■ Task to complete ■
Find the line that contains "Gustav Mahler Symphonie" in the records below, then repeat exactly that line and each one after it, leaving pictures out.

■ Exercise data ■
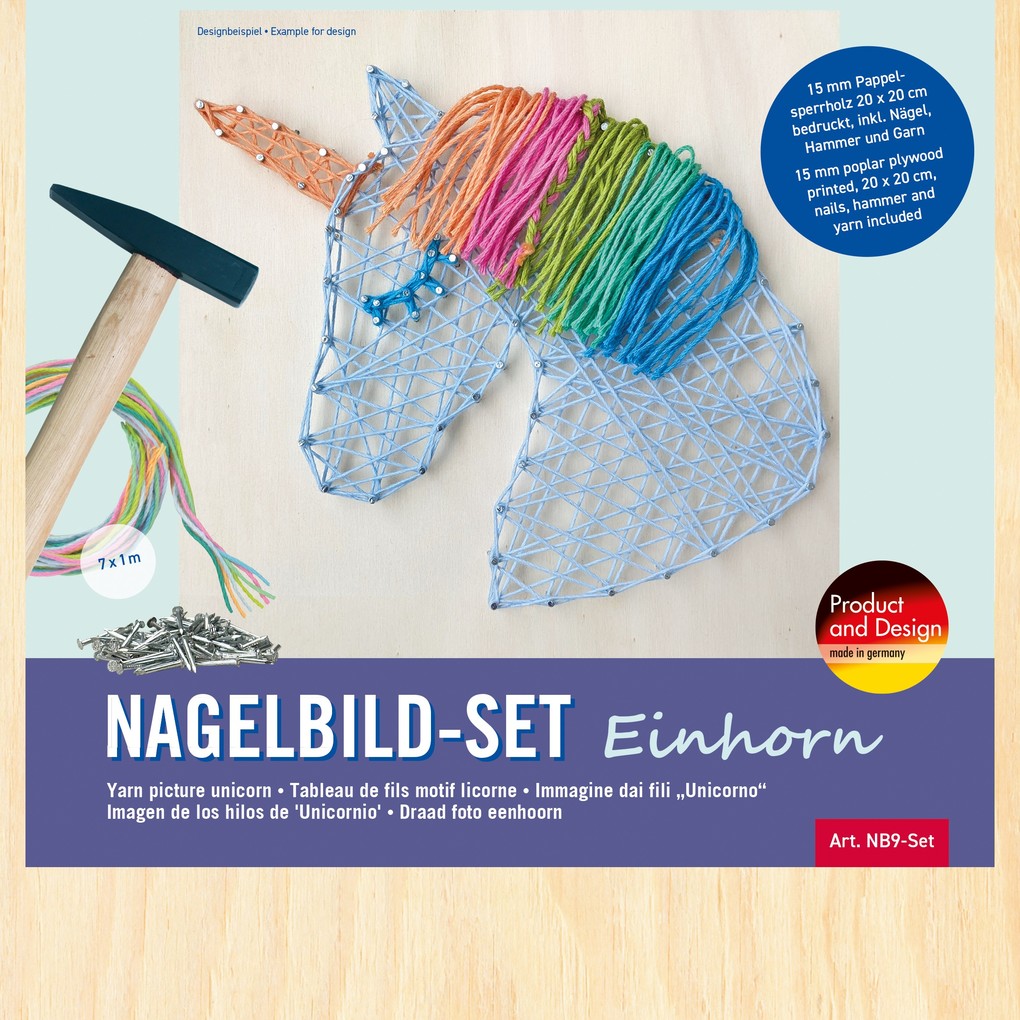 PEBARO NB9-SET - Nagelbild-Set Einhorn Fadenbild 20x20cm Bastelset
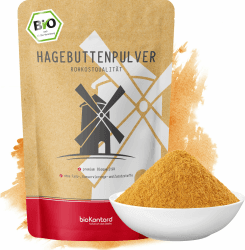 bioKontor – BIO Hagebuttenpulver 1000g – Hagebutten gemahlen fein | Wildsammlung – deutsche Handabfüllung – aus Rosa Canina – Bio Hagebutte – für Smoothies, Müsli & Hagebuttentee 1 kg (1er Pack) Angebot bei HelloDeals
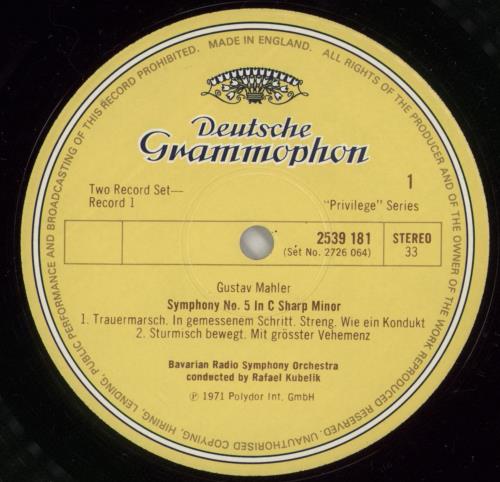 Gustav Mahler Symphonie nr. 5 / Lieder Eines Fahrenden Gesellen 2-LP vinyl record set (Double LP Album) German M222LSY757483
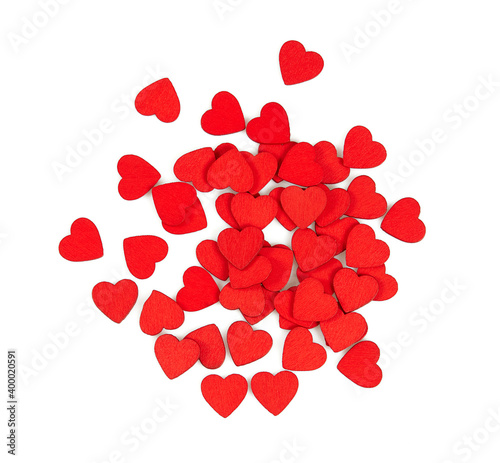 red wooden hearts isolated on white background
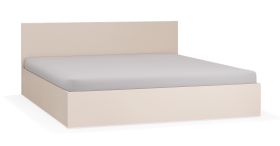 Lit double 180 x 200 cm beige | Sommier à lattes Lift up inclus | Forme originale | Coffre intégré | Collection Tacuarembo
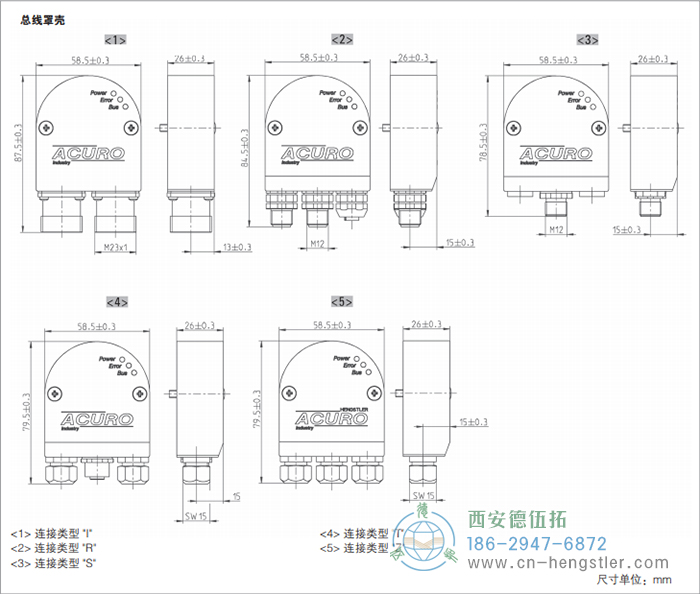 AC58-Profibus標(biāo)準(zhǔn)光電絕對值型編碼器外形及安裝尺寸(總線罩殼) 德國hengstler(亨士樂)編碼器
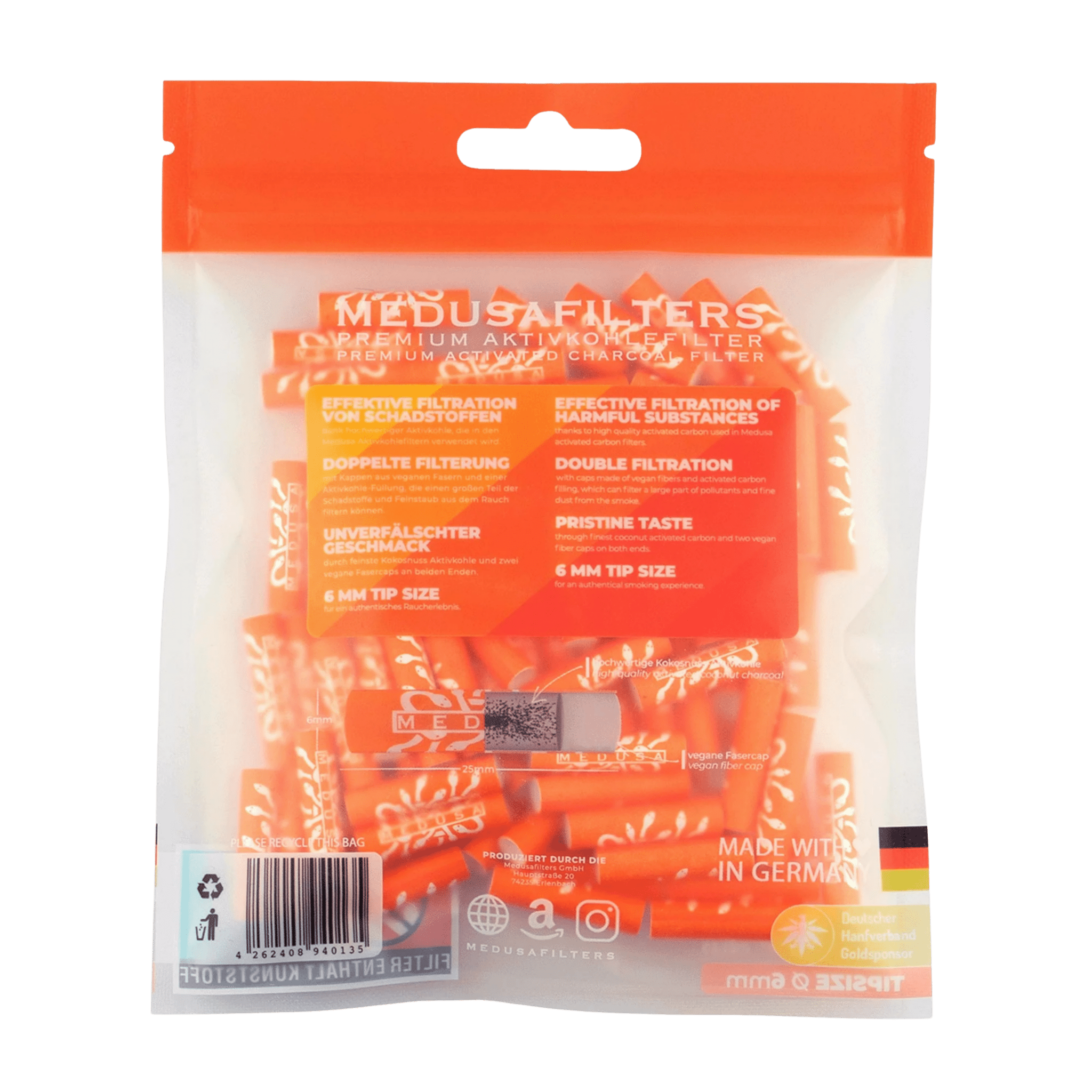 Detailansicht MedusaFilters SUNSET Hybridfilter 6 mm im Pack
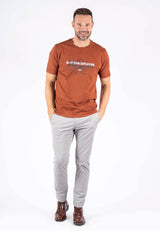 James tee med print i rødbrun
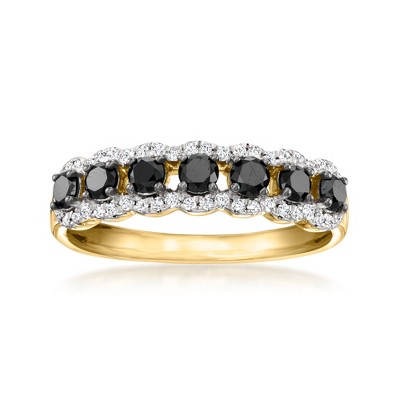 Ross-Simons 0.75 ct. t.w. Black and White Diamond Ring in 18kt Gold Over Sterling Size 7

■ Reply ■
 Gustav Mahler Symphonie nr. 5 / Lieder Eines Fahrenden Gesellen 2-LP vinyl record set (Double LP Album) German M222LSY757483
 red wooden hearts isolated on white background
 Lit double 180 x 200 cm beige | Sommier à lattes Lift up inclus | Forme originale | Coffre intégré | Collection Tacuarembo
 AC58-Profibus標(biāo)準(zhǔn)光電絕對值型編碼器外形及安裝尺寸(總線罩殼) 德國hengstler(亨士樂)編碼器
 Detailansicht MedusaFilters SUNSET Hybridfilter 6 mm im Pack
 James tee med print i rødbrun
 Ross-Simons 0.75 ct. t.w. Black and White Diamond Ring in 18kt Gold Over Sterling Size 7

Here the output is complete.